2009 FIA WTCC Race of Italy
- Round 10 of 12 in the 2009 World Touring Car Championship at Autodromo Enzo e Dino Ferrari in Imola, Italy.
- Date: 20 September, 2009
- Location: Imola, Italy
- Course: Autodromo Enzo e Dino Ferrari 4.909 kilometres (3.050 mi)

Race One
- Laps: 13

Pole position
- Driver:  / Gabriele Tarquini / SEAT Sport
- Time:  / 1:55.530

Podium
- First:  / Gabriele Tarquini / SEAT Sport
- Second:  / Yvan Muller / SEAT Sport
- Third:  / Rob Huff / Chevrolet

Fastest Lap
- Driver:  / Gabriele Tarquini / SEAT Sport
- Time:  / 1:57.580

Race Two
- Laps: 11

Podium
- First:  / Yvan Muller / SEAT Sport
- Second:  / Gabriele Tarquini / SEAT Sport
- Third:  / Alain Menu / Chevrolet

Fastest Lap
- Driver:  / Rickard Rydell / SEAT Sport
- Time:  / 1:57.458

= 2009 FIA WTCC Race of Italy =

The 2009 FIA WTCC Race of Italy (formally the 2009 FIA WTCC Stihl Race of Italy) was the tenth round of the 2009 World Touring Car Championship season, and the fifth running of the FIA WTCC Race of Italy. It was held on 20 September 2009 at the Autodromo Enzo e Dino Ferrari near Imola, in Italy.
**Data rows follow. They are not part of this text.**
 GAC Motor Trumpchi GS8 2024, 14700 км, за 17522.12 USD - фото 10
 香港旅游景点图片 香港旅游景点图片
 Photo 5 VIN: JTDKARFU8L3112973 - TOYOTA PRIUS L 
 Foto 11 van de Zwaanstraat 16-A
It was the first time the Race of Italy was held at the circuit, although it had previously held races in 2005 and 2008, under the Race of San Marino and Race of Europe titles respectively. The races were won by SEAT Sport drivers Gabriele Tarquini and Yvan Muller who both finished second to their teammates in the other races.

==Background==
Gabriele Tarquini arrived at his home race in Italy as the new championship leader, with a one-point lead over BMW Team Germany's Augusto Farfus. Previous series leader Yvan Muller was a further six points behind for SEAT.

There were 25 cars taking part at the event. Making his World Championship debut for Proteam was Fabio Fabiani, the reigning European Touring Car Cup champion in the Super Production class. Returning to the series after limited races in 2005 was Andrea Larini, younger brother of Chevrolet driver Nicola, in the SUNRED-run SEAT León Eurocup prize car.
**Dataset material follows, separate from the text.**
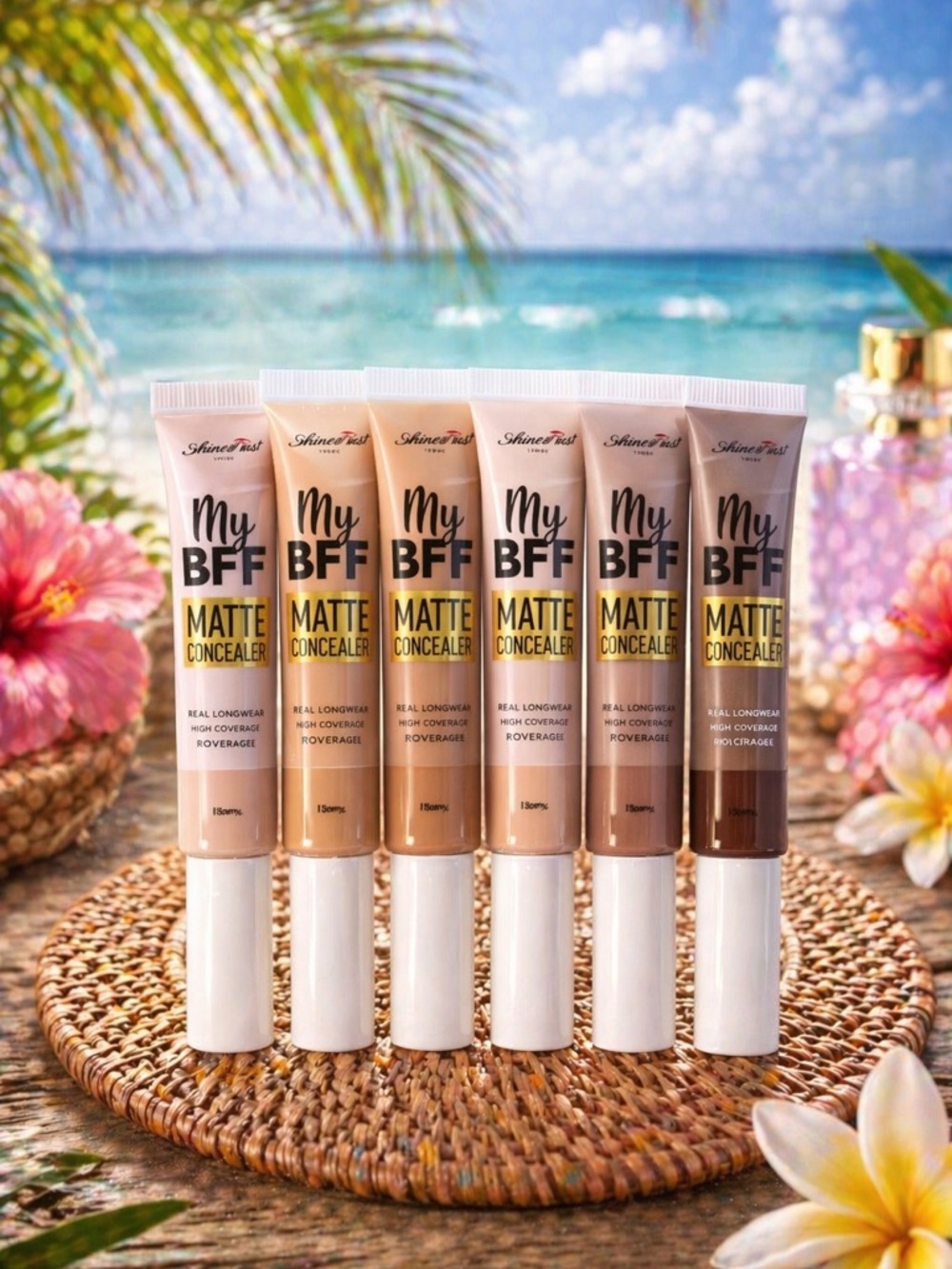Amorus BFF Concealer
James Thompson returned to the Lada Sport team, taking his Priora back off team principal Viktor Shapovalov, who stood in for Thompson in Germany due to commitments in V8 Supercar. Also returning was Mehdi Bennani and the Exagon Engineering team after missing the previous two rounds.

==Report==
===Free Practice===
Championship leader Tarquini was fastest in the first practice session, ahead of BMW Team Italy-Spain's Alessandro Zanardi and Yvan Muller. Independent's Trophy leader Tom Coronel was fourth fastest ahead of Farfus and Sergio Hernández.
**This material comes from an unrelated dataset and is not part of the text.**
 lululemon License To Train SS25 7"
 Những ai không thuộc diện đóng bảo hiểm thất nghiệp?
Jordi Gené was fastest in the second session for SEAT, ahead of teammate Rickard Rydell and BMW Team UK's Andy Priaulx. The session ended a couple of minutes early as the red flag was brought out after a collision between independent BMW drivers Stefano D'Aste and Fabio Fabiani, which left Fabiani stranded in the gravel.

===Qualifying===
The first session decided which ten drivers would make it through to the second session. Tarquini was fastest as all five SEAT drivers made it through to Q2. Only two BMW's made it through, with Farfus and Priaulx joined by all three Chevrolet drivers. D'Aste was the fastest independent in 14th, one place ahead of Thompson's Lada.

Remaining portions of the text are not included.